It has its origin near the Champaquí hill, in an area of annual precipitations of between 600 and 1000 mm, near the Calamuchita Valley. Leaving the valley it reaches the plains where there have been constructed three dams, called Cerro Pelado, Embalse Río Tercero (with 54.3 km² built in 1936) and Piedras Moras, which serve as flow regulators, and hydroelectricity production. But the lakes of the dams are also used for tourism and recreation; water sports and fishing.
The river the incursions into the wet Pampas area, which has an average rainfall of 730mm per year. When it joins the Saladillo River (who has the Cuarto River as a tributary), it forms the Carcarañá River.
Among the most important cities on the path of the Tercero are Río Tercero, Villa María, Villa Nueva, Bell Ville and Leones.

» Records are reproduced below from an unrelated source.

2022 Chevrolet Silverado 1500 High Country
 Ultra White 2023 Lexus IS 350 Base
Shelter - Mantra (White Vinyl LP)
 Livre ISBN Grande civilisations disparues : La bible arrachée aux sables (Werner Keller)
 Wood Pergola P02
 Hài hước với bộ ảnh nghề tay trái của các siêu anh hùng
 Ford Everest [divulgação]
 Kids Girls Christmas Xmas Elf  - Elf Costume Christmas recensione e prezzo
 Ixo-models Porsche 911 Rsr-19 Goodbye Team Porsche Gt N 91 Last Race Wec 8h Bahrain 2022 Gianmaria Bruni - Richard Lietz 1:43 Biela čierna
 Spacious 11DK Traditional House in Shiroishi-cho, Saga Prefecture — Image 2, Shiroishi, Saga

The word Ctalamochita (from which the term Calamuchita derives) seams to be a mixture of the Native American term ctala or tala, meaning "important tree", and a deformation of the Spanish mucho or muchito, finally meaning "area of many trees". The name Tercero became more common since the 18th century, being the third of five rivers counting from Córdoba city. Of them, the Tercero is the only one to reach, indirectly, the Paraná River being therefore a tributary to the Río de la Plata Basin.